Copy, word for word, the lines below from the one containing "PA license plate LGV0562" up to and including the one containing "Grammarly product screenshot", with pictures left out.
***** THE DATA
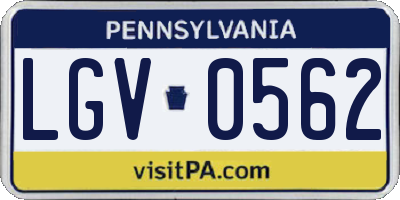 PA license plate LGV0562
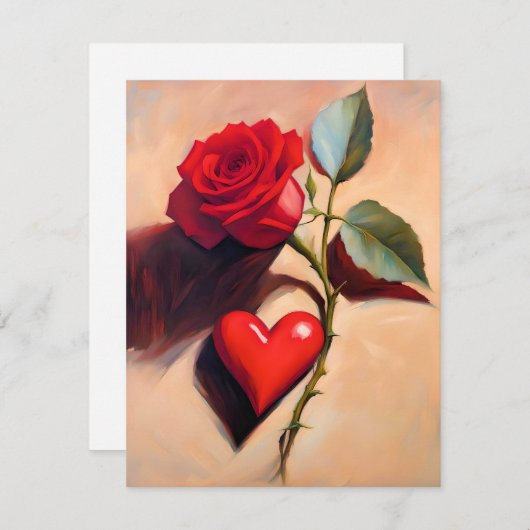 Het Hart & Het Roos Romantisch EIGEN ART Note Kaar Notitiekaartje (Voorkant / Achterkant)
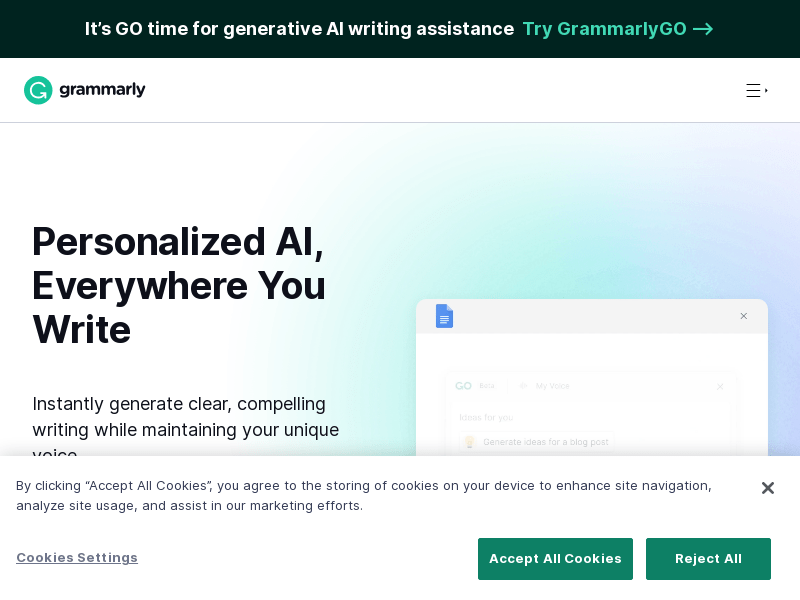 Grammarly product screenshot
**********
***** THE DATA
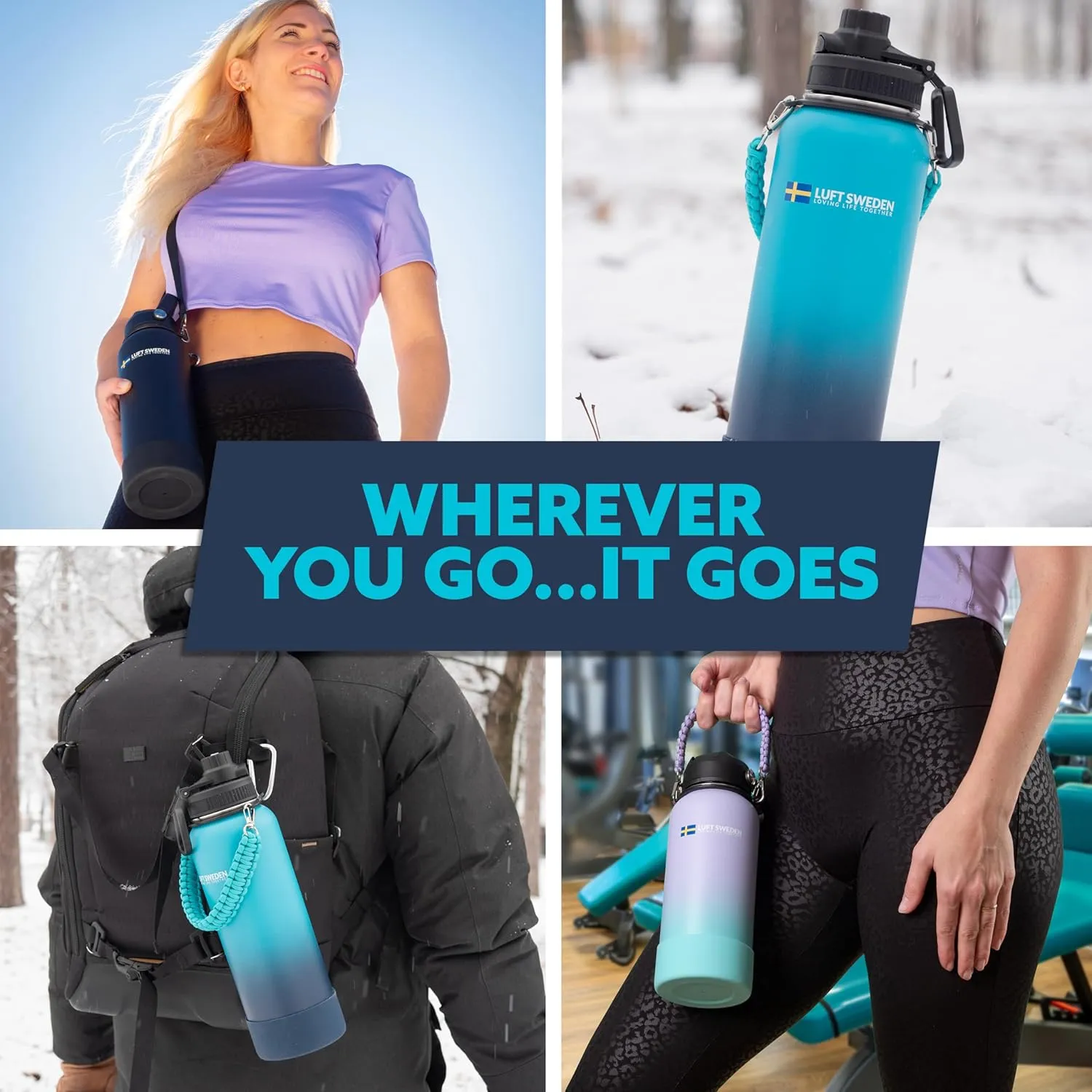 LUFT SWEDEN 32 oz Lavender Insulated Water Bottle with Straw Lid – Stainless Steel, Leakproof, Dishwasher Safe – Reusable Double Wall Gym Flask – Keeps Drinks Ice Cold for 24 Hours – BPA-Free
**********
• **EXPECTED OUTPUT**
 PA license plate LGV0562
 Het Hart & Het Roos Romantisch EIGEN ART Note Kaar Notitiekaartje (Voorkant / Achterkant)
 Grammarly product screenshot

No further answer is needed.